6.4 KiB
Time-Based Retention Implementation for API Usage Logs
Overview
Implemented time-based retention for API usage logs in addition to the existing count-based retention. This ensures that logs older than a specified retention period are automatically aggregated, regardless of the total log count.
Implementation Details
Changes Made
File: backend/services/subscription/log_wrapping_service.py
1. Added Time-Based Retention Constant
RETENTION_DAYS = 90 # Time-based retention: aggregate logs older than 90 days
2. Enhanced check_and_wrap_logs() Method
Before: Only checked count-based limit (5,000 logs)
After: Checks both:
- Count-based: If user has more than 5,000 logs
- Time-based: If user has logs older than 90 days
Key Features:
- Detects logs older than retention period
- Excludes already aggregated logs from time-based checks
- Provides detailed trigger reasons in response
- Reports how many old logs were aggregated
3. Enhanced _wrap_old_logs() Method
New Parameters:
time_based: Boolean flag to prioritize time-based retention
Aggregation Strategy:
- Time-based mode: Aggregates ALL logs older than 90 days (excluding already aggregated)
- Count-based mode: Aggregates oldest logs beyond 4,000 limit
- Combined mode: When count-based is primary, also includes old logs to prevent keeping very old logs just because they're within count limit
Key Improvements:
- Prevents re-aggregation of already aggregated logs (
endpoint != '[AGGREGATED]') - Prioritizes old logs even in count-based mode
- Better logging for debugging and monitoring
How It Works
Automatic Triggering
The log wrapping is automatically triggered on every /usage-logs API call:
# In backend/api/subscription/routes/logs.py
wrapping_service = LogWrappingService(db)

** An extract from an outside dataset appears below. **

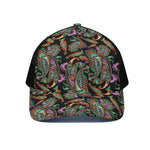 Green Orange And Pink Paisley Print Black Mesh Trucker Cap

wrap_result = wrapping_service.check_and_wrap_logs(user_id)
Retention Logic Flow
1. Check total log count
├─ If > 5,000 → Count-based trigger
└─ If ≤ 5,000 → Continue
2. Check for old logs (> 90 days)
├─ If found → Time-based trigger
└─ If none → No action needed
3. If either trigger active:
├─ Time-based: Aggregate ALL logs older than 90 days
├─ Count-based: Aggregate oldest logs beyond 4,000 limit
└─ Combined: Merge both sets (prioritize old logs)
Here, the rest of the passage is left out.